In [1]:
import re
import os
import numpy as np
from random import randint

from gensim.models import Word2Vec

# Summary
### Create word embedding using gensim
* The embedding is trained using the subset of first 500k records (regarded as train-data throughout).
* The weights are saved to a file as a raw matrix
* The whole of data (including the part unseen by embedding) is processed and split into X, Y files
    * X contains what was originally texts (lists of words) now zero-padded sequences of integers that correspond to row indeces of the embedding.
    * Y contains a sequence of integer-encoded labels (0:6).
* The zeroth row of the embedding is filled with zeros, and unknown words are encoded with 0.
* The length of the zero-padded sequences is set, based on the longest text seen in train data.

In [2]:
# global settings

n_train = 500_000
DATA_FILE = os.path.join("data", "notex_all.csv")
WORD_PATTERN = re.compile('\w[\w\'`]+')
EMBEDD_FILE = os.path.join("gensim", "embedd_weights.npy")
EMBEDD_DIM = 300
X_FILE = os.path.join("gensim", "embedded_X.txt")
X_FILE_BIN =  os.path.join("gensim", "embedded_X.npy")
Y_FILE = os.path.join("gensim", "encoded_Y.txt")
Y_FILE_BIN =  os.path.join("gensim", "encoded_Y.npy")

In [3]:
# A python iterator for gensim's Word2Vec class
# It spits out elements that are lists of words
# Each list corresponds to one arXiv article
# e.g. next(texts_iter) = ['hello', 'world']

class texts_iter():
    
    def __init__(self, filename, nrows=float('inf'), skiprows=1,\
                 prepend_label=True):
        
        self.idx = 0
        self.nrows = nrows
        self.records = open(filename, "r")
        self.maxlen = 0
        self.prepend_label = prepend_label
        
        #skip rows, default = 1-line header
        for _ in range(skiprows):
            next(self.records)
    
    def finish(self):
        self.records.close()


    # the defining method, returns a list
    def __next__(self):
        
        # don't read beyond 'nrows'
        if self.idx < self.nrows:  
            self.idx += 1
            
            try:
                record, label = next(self.records).split('\t')
            except:
                self.finish()
                raise StopIteration()
            
                
            text = record.lower()
            words = WORD_PATTERN.findall(text)
            self.maxlen = max(len(words), self.maxlen)
            
            if self.prepend_label:
                return [label.strip()] + words
            else:
                return words
        
        else:
            self.finish()
            raise StopIteration()
    
    def __iter__(self):
        return self

In [4]:
# The main step: apply Word2Vec

texts_train = texts_iter(DATA_FILE, nrows=n_train, prepend_label=False)
word2vec = Word2Vec(texts_train,\
                    size=EMBEDD_DIM,\
                    min_count=1, sorted_vocab=1).wv

print(f"Highest wordcount in the train data-set: {texts_train.maxlen}.")
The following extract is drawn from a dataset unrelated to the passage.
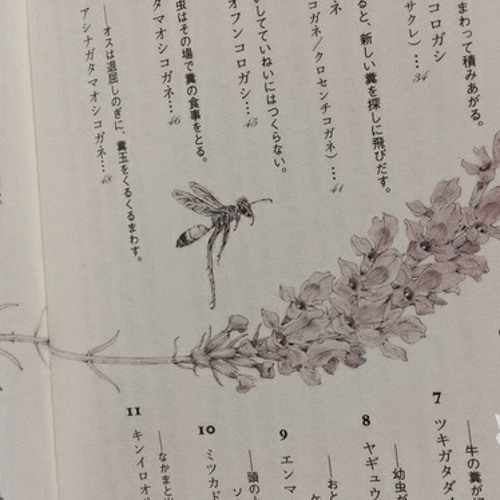 기약 없는 이별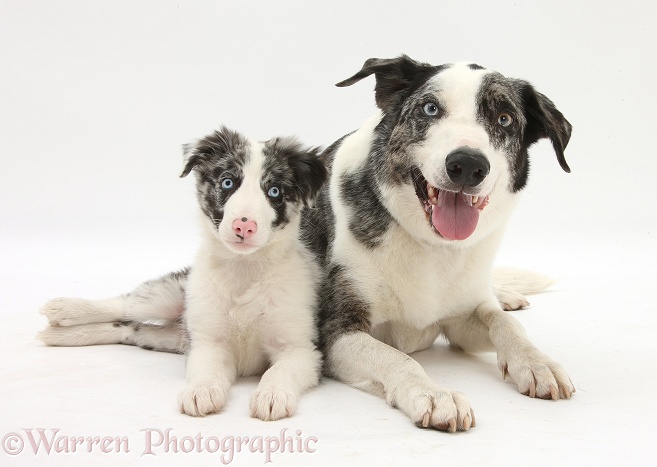 Blue merle Border Collie dog, Logan, and puppy, Reef, 10 weeks old, white background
Highest wordcount in the train data-set: 647.


In [5]:
# choose the dimension of texts

PADDED_LEN = int(1.05 * 647)
PADDED_LEN

679

In [15]:
# # The gensim's object may be saved to file
#
# word2vec.save(GENSIM_WORD_VEC_FILE)
# word2vec = KeyedVectors.load(WORD_VEC_TRAIN_FILE, mmap='r')

In [33]:
# The resulting embedding and the mapping from words to indeces
# are contained in this word2vec object
# Note that one needs the map along with the embedding to properly
# tokenize the texts

n, m = word2vec.vectors.shape
embedding = np.zeros((n+1, m))
embedding[1:] = np.asarray(word2vec.vectors)
print(embedding.shape)

def word_to_idx(word):
    try:
        return word2vec.vocab[word].index + 1
    except:
        return 0

(299305, 300)


In [7]:
word_to_idx('the'), word_to_idx('świerszcz')

(1, 0)

In [34]:
# save the embedding weights to file
np.save(EMBEDD_FILE, embedding)

In [9]:
# create new files:
# one with the texts converted to sequences of integer tokens (0-padded)
# and the second with integer-encoded labels,
# both using the texts_iter class
# Note that the tokenization is applied to the whole of data
# including test-data (so don't look inside)

label_encoding = {}

with open(X_FILE, 'w') as x_file:
    with open(Y_FILE, 'w') as y_file:

        # generate word-lists using the same iterator as for
        # creating the embedding
        records = texts_iter(DATA_FILE, prepend_label=True)

        for list_ in records:
            
            label, *text = list_
            
            if label in label_encoding:
                y = label_encoding[label.strip()]
            else:
                y = len(label_encoding)
                label_encoding[label] = y
                
            y_file.write(str(y) + '\n')
            
            sequence = [str(word_to_idx(word)) for word in text]
            
            # add post-padding
            sequence += [str(0)] * (PADDED_LEN - len(sequence))
            sequence = sequence[:PADDED_LEN]
            
            x_file.write(" ".join(sequence) + '\n')
            
label_encoding

{'phys': 0, 'math': 1, 'q-bio': 2, 'stat': 3, 'q-fin': 4, 'cs': 5}

In [10]:
X = np.loadtxt(X_FILE)
y = np.loadtxt(Y_FILE)

In [11]:
np.save(X_FILE_BIN, X)
np.save(Y_FILE_BIN, y)

In [None]:
# one day it may be fun to randomly sprinkle zeros
# (as if missing words) to our train data

# # suboptimal function to randomly insert zeros into a list
# # the number of zeros is proportional to the length of the list

# def sprinkle_zeros(list_, frac):
#     k = int(frac * len(list_))
#     for _ in range(k):
#         list_.insert(randint(0,len(list_)), 0)

# li = list(range(1,20))
# sprinkle_zeros(li, 0.1)
# li